The group will be made up of women seeking to support one another through discussion. Members will cover themes that include healthy relationships, self-esteem, assertiveness skills, and communication. “Part of the idea for this stemmed from our knowledge base and part of it stemmed from a need we saw on campus,” said Moran.
Before Monica Yost Kiss became the associate director for women’s health advocacy, Katie Hanna, the previous associate director for women’s health advocacy, led a similar group. Yost Kiss explains it’s a much needed re-introduction for a variety of reasons. “Incoming students have grown up with their own sense of normal and when they get to college that is challenged,” Yost Kiss said.
Due to the personal nature of empowerment and adjusting to college life, Yost Kiss and Moran encourage a safe and comfortable culture within the group. In order to maintain the safe sharing environment of the group, women interested must first meet with Moran to discuss the group and make sure that it will suit their needs. Once women join the group, they promise to keep all discussions confidential.
“It’s important to remember that the support group is not the same thing as counseling,” said Moran. “It can be therapeutic, but it’s not therapy.”
While some meetings will cover topics like assertiveness and will be very light and empowering, others will have a more serious tone. With one in every four college women experiencing sexual assault, it is crucial for such topics to come up in this type of setting.
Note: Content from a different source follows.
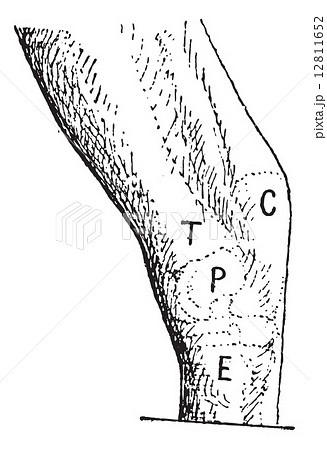 Hock or gambrel, left of the horse, vintage engraving. 12811652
Even if somebody is not a survivor themselves, explained Yost Kiss, they can be affected by what’s called secondary trauma in which they feel compelled to help the survivor, but are unsure of how.
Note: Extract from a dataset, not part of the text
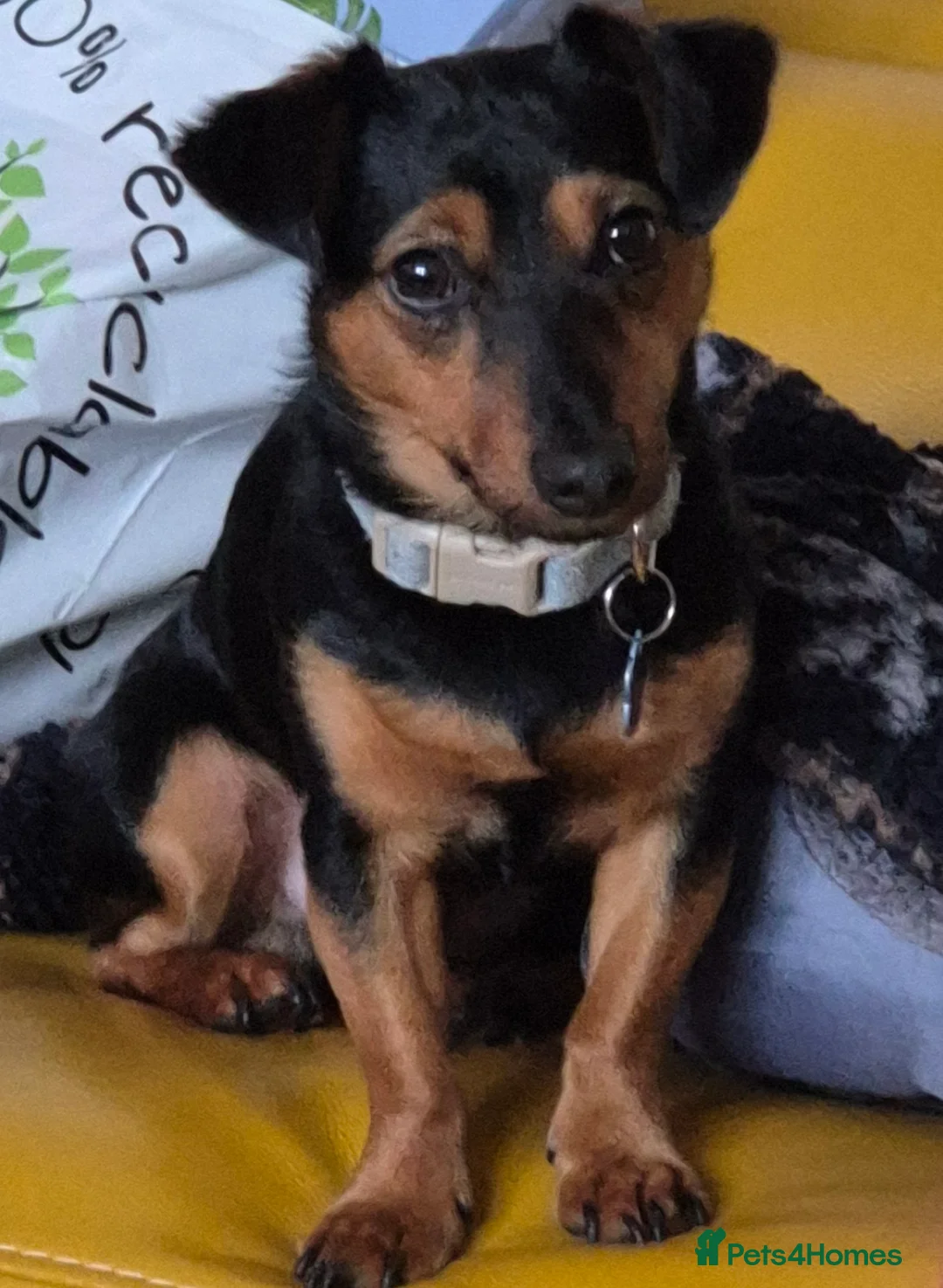 Jack Russell dogs for stud: Dog for stud  - Advert 1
“When you have a support group and you bring people together that can share concerns about this sort of thing, it’s really empowering for women,” said Yost Kiss.
Skeptics may wonder why men are not part to the group, but Moran and Yost Kiss have thought that through. Much of society, they explained, embraces a culture of victim blaming. “Since women are disproportionately affected by that, it makes sense to start with them,” said Yost Kiss. “Women have to learn how to work towards changing that culture.”
While the empowerment group is limited to women, Flora Stone Mather Center for Women’s services are not. Their doors are always open for anyone who wants more information, or simply to talk to a privileged or confidential source. They even offer couples counseling as long as one member of the partnership is a CWRU student.
Should the women’s empowerment group really take off in its first semester, a men’s empowerment group or even one just for graduate students may soon follow. So, it may be time to look away from the bathroom stall posters and begin the conversation. Once the conversation starts, the empowerment begins.